Con un campione su cinque (20%) risultato irregolare per la presenza di residui chimici i peperoncini piccanti provenienti da Repubblica Dominicana e India sono il prodotto alimentare meno sicuro presente sulle tavole degli italiani ma a preoccupare per gli elevati livelli di contaminazione sono nell’ordine le bacche di Goji provenienti dalla Cina ed il riso dal Pakistan che salgono sul podio.
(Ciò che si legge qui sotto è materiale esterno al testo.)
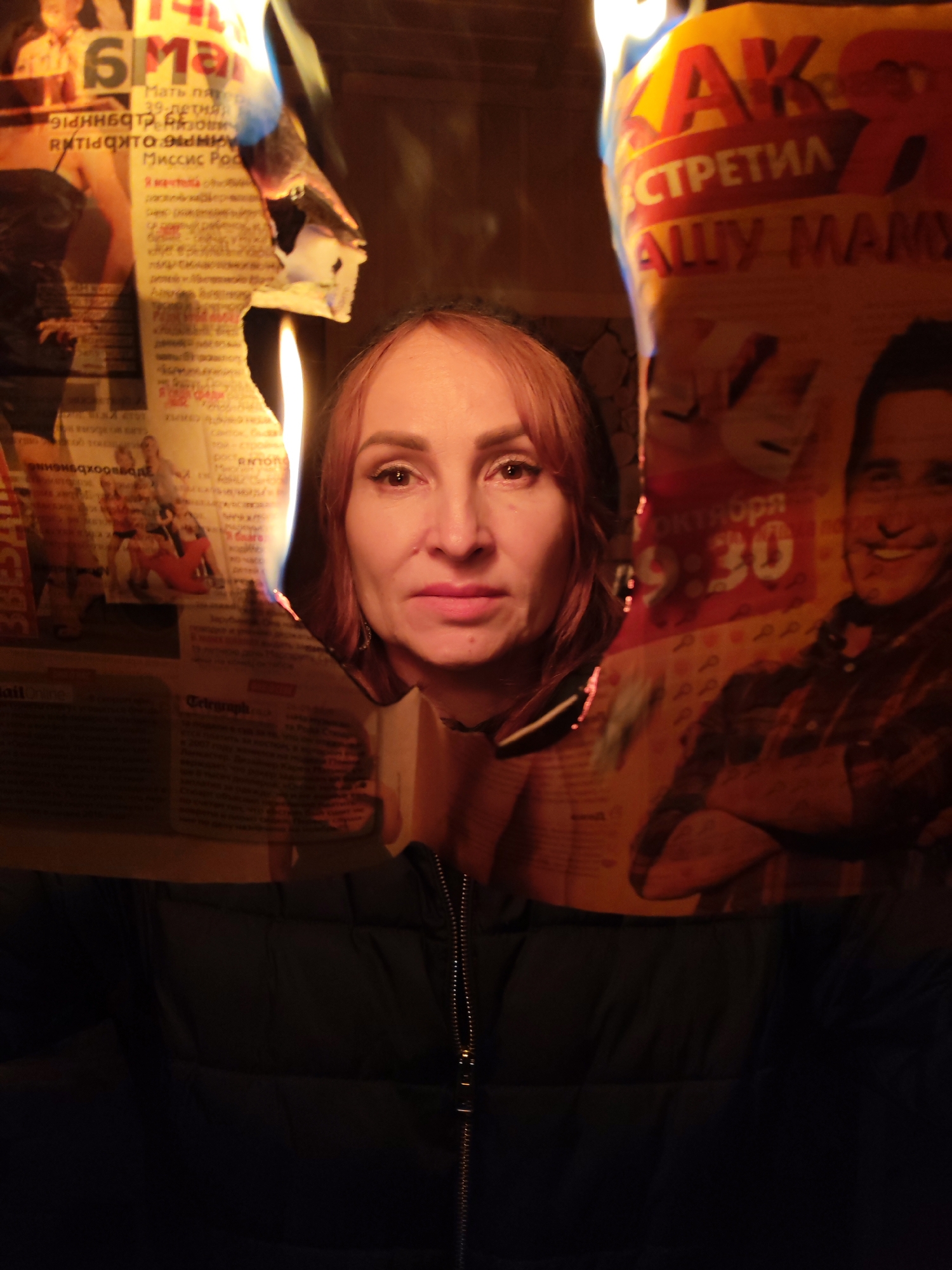 A woman stands facing the camera, her head framed by a burning newspaper. The newspaper has various text and images, including the words "Мать пятер", "Миссис Рос", "СТРЕТИЛ АШУ МАМУ", and "Октября 9:30". The woman wears a dark jacket with a visible zipper. Flames are visible on both sides of her head. The location is Unknown, Unknown.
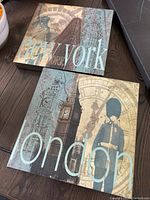 Two square canvas art pieces featuring New York and London scenes with text.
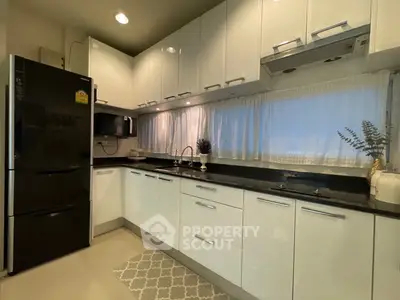 Modern kitchen with sleek white cabinets and black countertops, featuring a large fridge and microwave.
E’ quanto emerge dalla “Black list dei cibi più contaminati” presentata da Coldiretti sulla base degli ultimi rapporti elaborati dall’Agenzia europea per la sicurezza alimentare (Efsa) sui Residui dei Fitosanitari in Europa e dal Ministero della Salute sul “Controllo ufficiale sui residui dei prodotti fitosanitari degli alimenti”.

Nella classifica dei dieci prodotti più contaminati elaborata alla Coldiretti ci sono però anche i melograni dalla Turchia con un quasi un campione irregolare su dieci (9,1%), il tè dalla Cina, l’okra (o gombo) dalle sembianze di una piccola zucchina importata dall’India, il dragon fruit proveniente dall’Indonesia dall’aspetto particolarmente decorativo, i fagioli secchi provenienti dal Brasile ed i peperoni dolci e le olive da tavola provenientida ll’Egitto che godono peraltro di un regime agevolato a dazio zero da parte dell’Unione Europea.

Un aiuto ai consumatori viene dall’obbligo di indicare il Paese di origine in etichetta in vigore per la maggioranza degli alimenti in vendita, dalla frutta alla verdura fresca, dalla pasta al riso, dalle conserve di pomodoro ai prodotti lattiero caseari, dal miele alle uova, dalla carne bovina a quella di pollo fino ai salumi per i quali è stato da poco pubblicato il decreto. “E’ necessario però che tutti i prodotti che entrano nei confini nazionali ed europei rispettino gli stessi criteri a tutela della sicurezza dei consumatori” ha concluso il presidente della Coldiretti Ettore Prandini nel sottolineare che “che dietro gli alimenti, italiani e stranieri in vendita sugli scaffali ci deve essere la garanzia di un percorso di qualità che riguarda l’ambiente, la salute e il lavoro, con una giusta distribuzione del valore”.